Lo cierto es que, prácticamente desde los inicios de la existencia de la psiquiatría, y durante cerca de dos siglos, el único tratamiento al que la mayoría de los enfermos se vieron inevitablemente abocados fue la reclusión y la literatura no ha hecho más que reflejar las múltiples experiencias narradas entre sus decrépitas paredes. No son pocas las obras de ficción que, salpicadas de elementos reales, se han empapado de las vivencias registradas dentro de los sanatorios. Lo ha hecho incluso con sátira.
En Los palimpsestos, de Aleksandra Lun (2015, Minúscula), Czesław Przęśnicki se somete en un hospital psiquiátrico de Lieja a la terapia bartlebiana –en clara referencia a Bartleby, el escribiente, de Herman Melville– aplicada a los afectados por el síndrome del escritor extranjero. El objetivo, su reinserción en la lengua materna y que olviden los otros idiomas en los que han escrito sus obras. El antártico, en el caso del personaje principal. “El extranjero más extranjero de todos es aquel que escribe en otro idioma, en virtud de una doble extranjería: la de la escritura, que es una traición al mundo, y la de escribir en una lengua que no es la materna, que es una traición al habla”, expone en sus páginas.
El polaco Stanislaw Lem también dejó su impronta y no sólo en el área de la ciencia ficción, en la que es uno de los autores más reconocidos a nivel mundial.

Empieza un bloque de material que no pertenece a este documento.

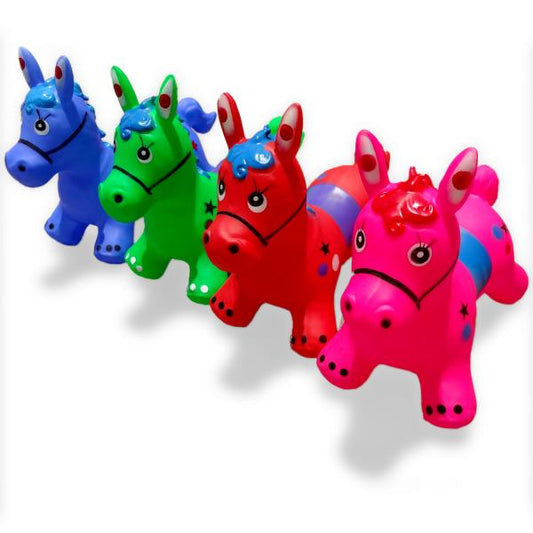 Мяч-прыгун Пони, с рис., 1300г, в ассорт. в пак. в кор.15шт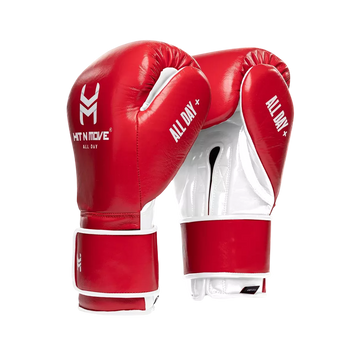 Hit N Move Bag and Conditioning Boxing Gloves 1.5lbs conditioning Mexican Red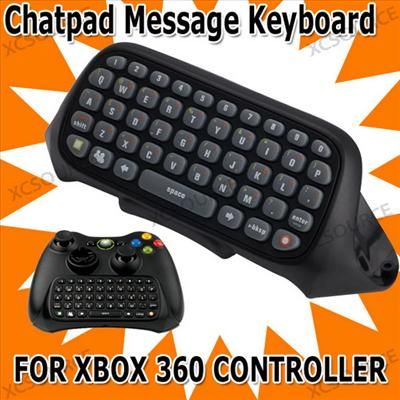 Controller Messenger Keyboard Chat Pad Game Black Keypad for Xbox 360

En 1948 escribió su primera novela –pese a que la censura comunista impidió que viera la luz hasta 1955–, El hospital de la transfiguración (2008, Impedimenta), ambientada en los primeros meses de la invasión nazi. En ella, Lem narra la historia del joven doctor Stefan Trzyniecki, quien encuentra empleo en un hospital psiquiátrico enclavado en el interior del bosque y cuyos horrores –el atroz tratamiento que reciben los enfermos y, en esencia, la degradación humana alcanzada entre sus muros–, transcurren ajenos a la locura que se expande en el exterior.
Revelador es el diálogo entre Stefan y su compañero Staszek cuando aquél, recién llegado, le comenta que sabrá arreglárselas mientras recibe instrucciones sobre el funcionamiento del manicomio. “No, no creo que sepas”, le responde tajante su interlocutor: “lo único que hiciste durante la carrera fue superar un examen de psiquiatría; y luego tuviste en observación a un paciente: un caso neurológico (…) Verás, la terapia no es nada del otro mundo. Hasta los cuarenta, los locos padecen dementia precox: baños fríos, bromuro y escopolamina. Pasados los cuarenta, padecen dementia senilis: escopolamina, bromuro y duchas frías. Y electroshocks para todos, por supuesto. Y a eso se limita toda la psiquiatría… Pero aquí, amigo mío, somos como un islote en un mar extraño. Y te digo que si no fuera por el personal, si no fuera por… pero qué más da, con el tiempo lo comprenderás. Valdría la pena pasar toda la vida aquí y no necesariamente como médico”.